Clinical Implications
We propose that preoperative measurement of CRP, albumin, and a differential count should be considered routine in patients presenting for emergency abdominal surgery. Patients with CAR ≥3.42 and/or NLR ≥7.15 should be triaged for high-dependency or intensive care, aggressive goal-directed resuscitation, judicious operative planning (favouring damage-control approaches over definitive reconstructions in unstable patients), and counselling of relatives regarding the realistic risk of major morbidity and mortality. Postoperatively, such patients warrant vigilant surveillance for sepsis, anastomotic dehiscence, and organ dysfunction.
Limitations
This study has several limitations that must be acknowledged. First, it is a single-centre experience with a moderate sample size of 112 patients; external validation in multicentre cohorts is required. Second, postoperative CAR and NLR trajectories (e.g., POD3 values) were not analyzed and may add incremental prognostic value. Third, we did not stratify analyses by individual surgical pathology, which could refine cut-off values. Fourth, although the Clavien–Dindo classification is the most widely used, it may under-grade dysfunction in critically ill patients. Finally, residual confounding from unmeasured variables (e.g., precise sepsis stage, intra-operative blood loss) cannot be excluded despite multivariable adjustment.
CONCLUSION
In this prospective cohort of 112 patients undergoing emergency abdominal surgery at a tertiary care teaching hospital in northeastern Bihar, preoperative C-reactive protein/albumin ratio and neutrophil–lymphocyte ratio were strong, independent predictors of major postoperative complications and 30-day mortality.

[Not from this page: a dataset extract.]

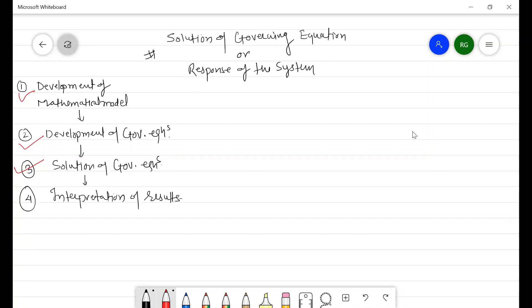Hello everyone, welcome back. In the last lecture we discussed about the development of governing equations, and in this lecture we'll discuss about the solution of those governing equations and find out the response of the system as a function of time.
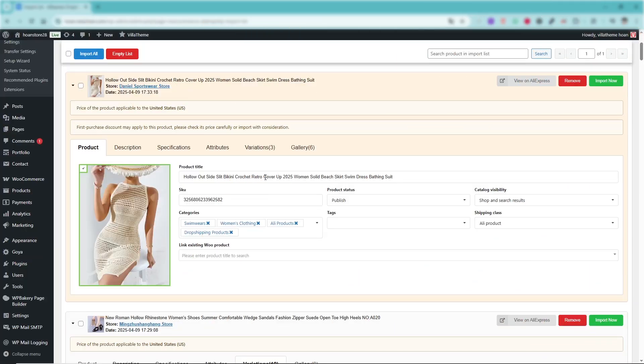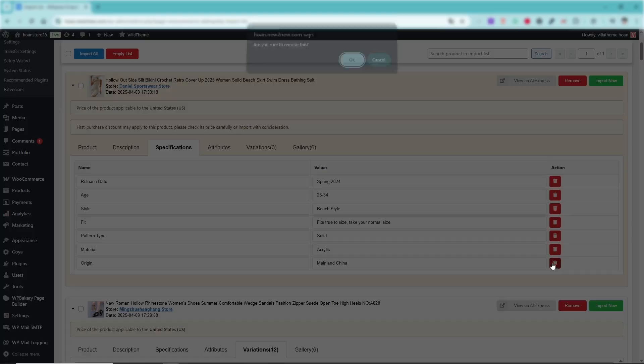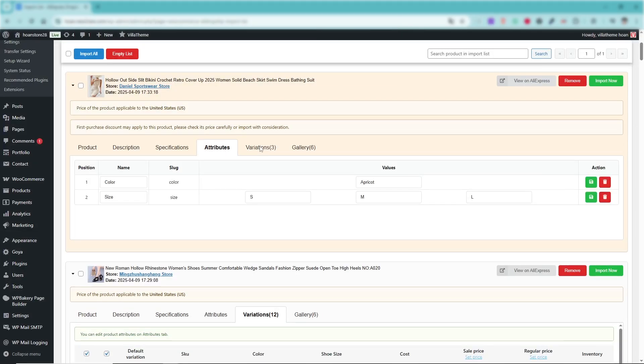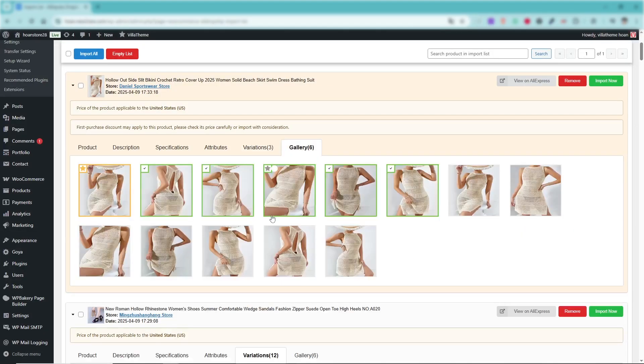You can customize product information, descriptions, specifications, attribute variations, gallery, and more before officially publishing the product to your store.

A CAR cut-off of 3.42 and an NLR cut-off of 7.15 identified high-risk patients with high sensitivity and specificity. Their combined application offered the best discriminatory accuracy. Given their simplicity, low cost, and universal availability, we recommend integrating CAR and NLR into routine preoperative risk assessment for emergency abdominal surgery, particularly in resource-limited settings of low- and middle-income countries.
ACKNOWLEDGEMENTS
The authors gratefully acknowledge the patients who participated in this study, the residents and nursing staff of the Department of General Surgery, and the technical staff of the Department of Biochemistry and Pathology, MGM Medical College & Hospital, Kishanganj, for their support. We thank the Institutional Ethics Committee for timely review and the Medical Records Department for assistance with data retrieval.
AUTHOR CONTRIBUTIONS
[First Author]: conception and design, data collection, statistical analysis, manuscript drafting. [Second Author]: data collection, literature review, manuscript editing. [Third Author]: study design, data interpretation, critical revision. [Corresponding Author]: overall supervision, critical revision, final approval of the manuscript. All authors read and approved the final manuscript.
ETHICAL APPROVAL
Approved by the Institutional Ethics Committee, MGM Medical College, Kishanganj (Ref: IEC/MGM/2024/[XX]; dated [DD/MM/2024]).
FUNDING
No external funding was received for this study.
CONFLICT OF INTEREST
The authors declare that they have no conflict of interest.